Hinzu kommt die zweite Pointe dieser Geschichte, dass es ausgerechnet das Urteil sein könnte, das einen neuen Wettbewerb verhindert. "So unsinnig, wie es klingt: Es ist zum Vorteil der UEFA", sagt Orth. Schon 1999 gab es mit Projekt Gandalf einen ersten Super-League-Anlauf, der zu einer größeren Champions-League-Reform geführt hat. Allein die Idee eines Wettbewerbs, in dem es für die Klubs mehr Geld geben könnte, sorgte dafür, dass die UEFA ihre Wettbewerbsstruktur massiv überarbeitet hat.

Noch hat die UEFA kein Problem. Denn die aktuelle Superliga, die englische Premier League mit all ihren Superstars und Giganten, hat sich gegen eine internationale Liga verschworen.

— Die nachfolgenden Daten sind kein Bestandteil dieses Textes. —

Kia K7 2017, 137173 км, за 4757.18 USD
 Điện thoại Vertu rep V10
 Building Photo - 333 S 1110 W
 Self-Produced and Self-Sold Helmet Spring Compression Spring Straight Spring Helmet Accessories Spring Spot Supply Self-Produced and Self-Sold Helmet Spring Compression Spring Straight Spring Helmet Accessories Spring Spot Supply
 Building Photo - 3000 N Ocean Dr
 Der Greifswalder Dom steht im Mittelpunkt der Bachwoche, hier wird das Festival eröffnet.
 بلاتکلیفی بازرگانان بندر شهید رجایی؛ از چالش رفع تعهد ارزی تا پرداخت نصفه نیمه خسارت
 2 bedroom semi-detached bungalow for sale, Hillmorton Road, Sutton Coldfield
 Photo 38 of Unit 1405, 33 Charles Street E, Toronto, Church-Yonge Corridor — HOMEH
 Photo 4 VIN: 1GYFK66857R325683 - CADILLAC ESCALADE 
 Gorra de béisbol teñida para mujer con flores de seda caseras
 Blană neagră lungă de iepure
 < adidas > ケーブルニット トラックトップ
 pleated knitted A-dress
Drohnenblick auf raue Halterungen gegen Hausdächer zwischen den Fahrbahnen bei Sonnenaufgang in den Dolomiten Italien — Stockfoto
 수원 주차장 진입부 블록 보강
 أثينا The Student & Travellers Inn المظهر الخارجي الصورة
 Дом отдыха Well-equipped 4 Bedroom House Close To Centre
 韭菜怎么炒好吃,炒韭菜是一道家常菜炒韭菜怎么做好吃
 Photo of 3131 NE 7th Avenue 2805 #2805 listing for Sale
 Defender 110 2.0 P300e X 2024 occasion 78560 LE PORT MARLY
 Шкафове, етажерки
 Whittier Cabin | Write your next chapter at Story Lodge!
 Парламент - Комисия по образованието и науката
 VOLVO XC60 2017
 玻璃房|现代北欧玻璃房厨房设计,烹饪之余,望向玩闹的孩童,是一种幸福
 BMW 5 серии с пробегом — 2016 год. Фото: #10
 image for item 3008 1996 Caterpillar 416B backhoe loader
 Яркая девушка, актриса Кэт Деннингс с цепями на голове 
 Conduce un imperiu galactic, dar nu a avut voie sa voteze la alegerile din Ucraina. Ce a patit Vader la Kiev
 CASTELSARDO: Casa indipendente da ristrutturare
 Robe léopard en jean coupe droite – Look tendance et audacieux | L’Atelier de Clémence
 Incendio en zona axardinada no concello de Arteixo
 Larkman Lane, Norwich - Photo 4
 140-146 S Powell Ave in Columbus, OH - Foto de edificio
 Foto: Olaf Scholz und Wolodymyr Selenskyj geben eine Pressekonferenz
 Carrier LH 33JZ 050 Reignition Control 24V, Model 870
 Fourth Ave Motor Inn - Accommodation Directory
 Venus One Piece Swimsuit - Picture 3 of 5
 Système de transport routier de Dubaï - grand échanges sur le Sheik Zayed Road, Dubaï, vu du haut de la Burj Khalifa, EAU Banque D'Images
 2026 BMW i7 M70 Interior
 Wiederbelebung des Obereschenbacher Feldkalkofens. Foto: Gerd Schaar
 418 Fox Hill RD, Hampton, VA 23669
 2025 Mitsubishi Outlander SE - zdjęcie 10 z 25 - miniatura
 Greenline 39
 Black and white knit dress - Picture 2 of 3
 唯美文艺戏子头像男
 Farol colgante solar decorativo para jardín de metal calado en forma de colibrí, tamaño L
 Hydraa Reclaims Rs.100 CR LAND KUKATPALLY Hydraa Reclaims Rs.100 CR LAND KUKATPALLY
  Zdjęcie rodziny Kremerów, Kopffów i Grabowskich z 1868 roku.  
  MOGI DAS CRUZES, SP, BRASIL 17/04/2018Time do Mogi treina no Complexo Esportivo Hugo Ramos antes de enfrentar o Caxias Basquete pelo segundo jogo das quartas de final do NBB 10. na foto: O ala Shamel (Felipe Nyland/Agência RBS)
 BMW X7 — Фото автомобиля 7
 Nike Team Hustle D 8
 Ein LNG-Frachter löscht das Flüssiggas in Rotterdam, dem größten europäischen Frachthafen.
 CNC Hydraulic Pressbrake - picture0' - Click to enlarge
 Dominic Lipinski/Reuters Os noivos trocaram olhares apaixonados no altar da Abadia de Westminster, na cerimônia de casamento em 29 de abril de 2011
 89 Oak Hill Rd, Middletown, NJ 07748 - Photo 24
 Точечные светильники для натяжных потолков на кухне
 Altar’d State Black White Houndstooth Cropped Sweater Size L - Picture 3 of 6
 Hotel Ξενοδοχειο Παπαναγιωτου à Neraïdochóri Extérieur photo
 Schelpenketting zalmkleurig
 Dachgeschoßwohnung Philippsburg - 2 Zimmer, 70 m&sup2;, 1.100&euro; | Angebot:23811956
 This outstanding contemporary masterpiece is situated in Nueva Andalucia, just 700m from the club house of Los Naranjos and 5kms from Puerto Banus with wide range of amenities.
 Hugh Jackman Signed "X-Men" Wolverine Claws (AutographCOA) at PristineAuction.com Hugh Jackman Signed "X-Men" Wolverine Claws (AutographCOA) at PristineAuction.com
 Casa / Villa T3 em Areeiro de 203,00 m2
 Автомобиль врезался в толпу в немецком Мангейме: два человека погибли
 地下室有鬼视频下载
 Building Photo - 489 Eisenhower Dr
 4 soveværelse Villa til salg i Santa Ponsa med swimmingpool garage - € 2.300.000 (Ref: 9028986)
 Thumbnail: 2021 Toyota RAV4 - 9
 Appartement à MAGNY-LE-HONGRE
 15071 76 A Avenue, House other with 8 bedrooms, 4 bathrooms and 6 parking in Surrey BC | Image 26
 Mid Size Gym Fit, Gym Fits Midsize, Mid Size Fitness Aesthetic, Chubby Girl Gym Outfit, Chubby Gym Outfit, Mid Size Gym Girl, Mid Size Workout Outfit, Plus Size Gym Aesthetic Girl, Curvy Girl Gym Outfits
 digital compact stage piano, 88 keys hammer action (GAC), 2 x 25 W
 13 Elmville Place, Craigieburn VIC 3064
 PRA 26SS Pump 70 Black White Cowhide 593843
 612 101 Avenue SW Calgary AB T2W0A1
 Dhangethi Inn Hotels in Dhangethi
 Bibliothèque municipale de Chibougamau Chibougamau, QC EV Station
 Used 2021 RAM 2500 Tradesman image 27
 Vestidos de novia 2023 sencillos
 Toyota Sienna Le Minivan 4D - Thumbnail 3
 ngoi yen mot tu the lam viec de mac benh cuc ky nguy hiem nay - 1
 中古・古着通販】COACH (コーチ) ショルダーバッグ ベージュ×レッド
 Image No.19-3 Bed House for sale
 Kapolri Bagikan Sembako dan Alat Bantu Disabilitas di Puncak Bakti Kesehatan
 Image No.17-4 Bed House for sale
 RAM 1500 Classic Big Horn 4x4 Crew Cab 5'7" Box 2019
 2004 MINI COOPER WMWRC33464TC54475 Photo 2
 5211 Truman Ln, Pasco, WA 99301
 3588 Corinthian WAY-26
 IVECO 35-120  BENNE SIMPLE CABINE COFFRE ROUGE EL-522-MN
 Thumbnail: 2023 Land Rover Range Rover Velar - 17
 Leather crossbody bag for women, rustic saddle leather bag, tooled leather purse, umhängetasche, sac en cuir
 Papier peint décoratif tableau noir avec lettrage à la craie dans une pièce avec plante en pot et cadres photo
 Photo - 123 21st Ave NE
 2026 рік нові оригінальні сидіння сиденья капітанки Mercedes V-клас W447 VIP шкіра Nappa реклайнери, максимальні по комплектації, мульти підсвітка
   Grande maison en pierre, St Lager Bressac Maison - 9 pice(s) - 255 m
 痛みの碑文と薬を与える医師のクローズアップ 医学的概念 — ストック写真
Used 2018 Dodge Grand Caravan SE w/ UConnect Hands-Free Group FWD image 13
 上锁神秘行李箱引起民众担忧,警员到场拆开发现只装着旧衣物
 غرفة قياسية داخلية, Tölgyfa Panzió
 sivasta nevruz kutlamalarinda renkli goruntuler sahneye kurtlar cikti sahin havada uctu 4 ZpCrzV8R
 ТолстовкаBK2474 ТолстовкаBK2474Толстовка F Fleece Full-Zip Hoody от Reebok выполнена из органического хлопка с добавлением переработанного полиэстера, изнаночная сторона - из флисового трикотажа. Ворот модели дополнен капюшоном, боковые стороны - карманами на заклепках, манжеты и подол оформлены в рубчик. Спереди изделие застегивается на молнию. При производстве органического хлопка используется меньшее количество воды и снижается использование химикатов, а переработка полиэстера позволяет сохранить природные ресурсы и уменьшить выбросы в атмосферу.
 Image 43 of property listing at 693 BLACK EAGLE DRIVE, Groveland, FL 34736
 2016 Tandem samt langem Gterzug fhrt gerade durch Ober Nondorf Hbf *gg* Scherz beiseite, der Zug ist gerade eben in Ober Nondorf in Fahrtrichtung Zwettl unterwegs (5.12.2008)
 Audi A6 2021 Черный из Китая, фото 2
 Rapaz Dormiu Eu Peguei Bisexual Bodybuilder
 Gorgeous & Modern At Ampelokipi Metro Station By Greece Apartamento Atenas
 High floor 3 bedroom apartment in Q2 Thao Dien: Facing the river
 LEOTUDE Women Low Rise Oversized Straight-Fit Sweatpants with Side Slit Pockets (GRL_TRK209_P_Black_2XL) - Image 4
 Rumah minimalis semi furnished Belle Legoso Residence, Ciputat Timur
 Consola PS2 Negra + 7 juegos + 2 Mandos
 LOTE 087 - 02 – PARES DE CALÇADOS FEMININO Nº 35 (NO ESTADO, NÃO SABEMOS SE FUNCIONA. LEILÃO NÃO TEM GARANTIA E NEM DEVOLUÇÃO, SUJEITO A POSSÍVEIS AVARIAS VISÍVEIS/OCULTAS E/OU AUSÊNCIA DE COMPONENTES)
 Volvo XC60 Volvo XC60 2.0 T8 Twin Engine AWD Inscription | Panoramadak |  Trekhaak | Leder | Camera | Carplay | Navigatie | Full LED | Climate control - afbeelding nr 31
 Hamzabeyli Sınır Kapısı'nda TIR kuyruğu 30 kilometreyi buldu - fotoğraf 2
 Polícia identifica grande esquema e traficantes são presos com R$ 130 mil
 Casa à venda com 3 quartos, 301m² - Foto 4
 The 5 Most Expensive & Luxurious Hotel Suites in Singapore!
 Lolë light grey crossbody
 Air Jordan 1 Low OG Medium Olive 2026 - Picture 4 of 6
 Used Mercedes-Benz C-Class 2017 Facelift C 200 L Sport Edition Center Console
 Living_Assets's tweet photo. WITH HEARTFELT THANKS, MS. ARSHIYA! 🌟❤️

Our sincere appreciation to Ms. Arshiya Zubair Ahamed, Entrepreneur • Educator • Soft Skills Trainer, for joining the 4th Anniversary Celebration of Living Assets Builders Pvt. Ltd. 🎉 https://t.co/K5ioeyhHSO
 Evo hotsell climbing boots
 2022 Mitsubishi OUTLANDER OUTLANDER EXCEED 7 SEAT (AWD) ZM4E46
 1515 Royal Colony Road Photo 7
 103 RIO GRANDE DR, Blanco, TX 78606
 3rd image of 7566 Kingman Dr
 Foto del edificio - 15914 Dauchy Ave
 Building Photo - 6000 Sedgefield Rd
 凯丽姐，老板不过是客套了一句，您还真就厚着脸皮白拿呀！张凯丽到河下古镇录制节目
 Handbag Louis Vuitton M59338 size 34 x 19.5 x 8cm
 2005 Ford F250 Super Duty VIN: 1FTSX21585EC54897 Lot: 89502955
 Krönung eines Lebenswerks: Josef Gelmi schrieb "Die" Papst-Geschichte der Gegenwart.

Ohne sie ergibt die Super League keinen Sinn. Doch in einem hypothetischen Szenario, in dem das Angebot der Super League weniger vage ist und wirklich mehr Geld als in der Champions League lockt, könnte sich alles ändern. Dann, in dieser fernen Zukunft, in der es keinen Fan-Widerstand mehr und unter den europäischen Top-Klubs doch eine Mehrheit gibt, könnte es sein, dass doch eine Super League zustande kommt. Und dann war es eben dieses EuGH-Urteil, das dafür die Tür geöffnet hat. Die Frage ist, ob der dann amtierende UEFA-Boss immer noch mit Spott reagiert.